Auto-Generate UML Actors & Use Cases Models from — Business Requirements, Vision & Scope, Business Case, Project Charters and more — using Python & Natural Language Processing: Part 1

5 min readDec 30, 2022

All projects generate requirements of some kind (cliché). It does not matter whether requirements are explicit or implicit, stated or not. All projects always generate documents that contain detailed or brief requirements. Some being:

1. Vision & Scope

2. Project Charter

3. Business Case

4. User Requirements

5. Business Requirements

6. Product Requirements

7. Software Requirements Specification

You could argue that not all above document types are treated equal. They are not.

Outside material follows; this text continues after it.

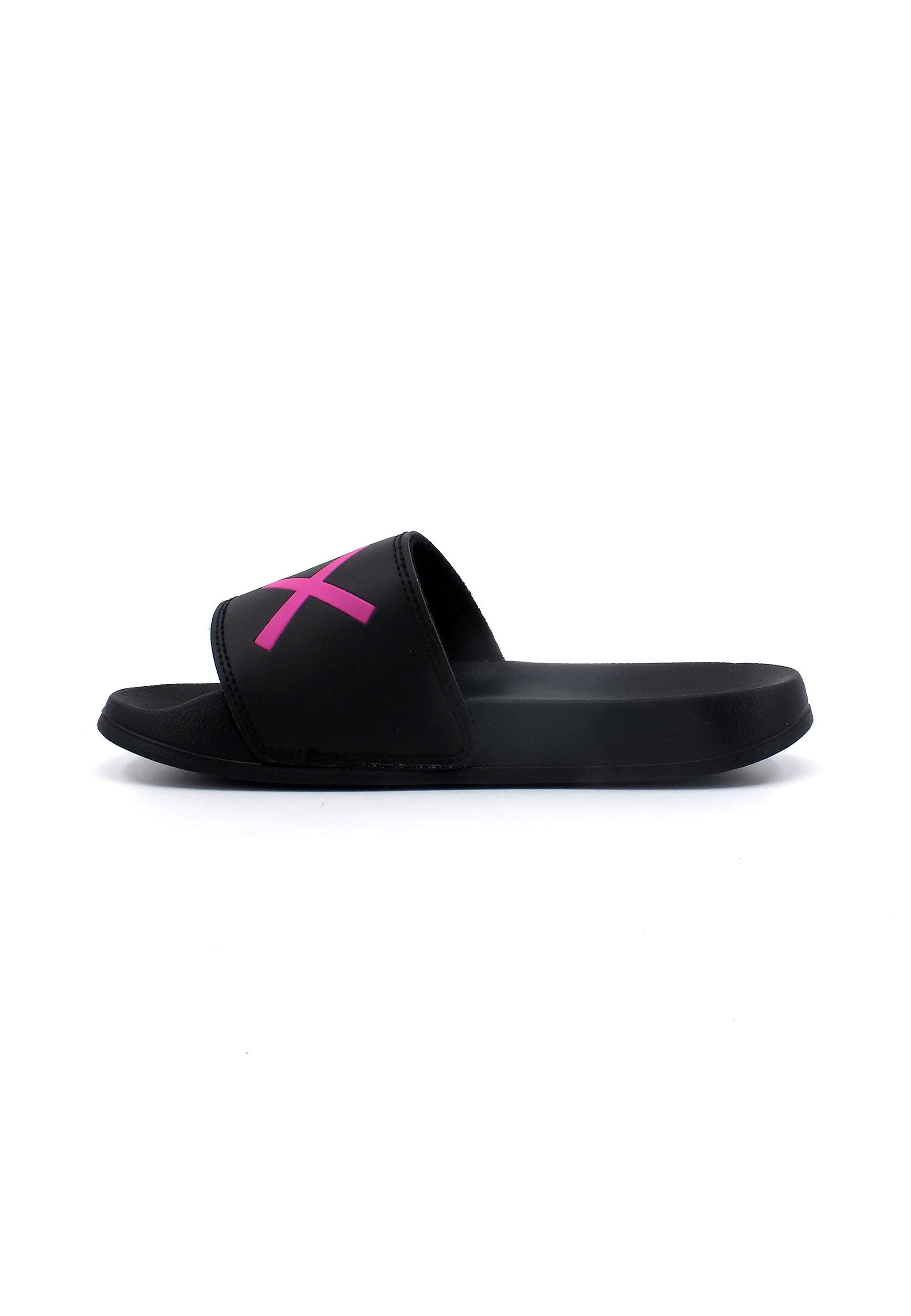 SUN68 Slipper Logo Ciabatta Donna Nero X33228 - Sandrini Calzature e Abbigliamento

You create some of these documents even before you start a project. For example, a Project Charter or a Business Case while you write Business Requirements typically after your project is approved.

No matter which document you produce, the contemporary development methodologies now require these documents to be written as use case models or user stories. The latter is becoming more popular these days and chances are you are using them in your project. Yet, clients are used to seeing and reviewing the ‘traditional’ requirements documents upfront especially the business users. Whereas the projects rest more on the use case narratives or the user stories.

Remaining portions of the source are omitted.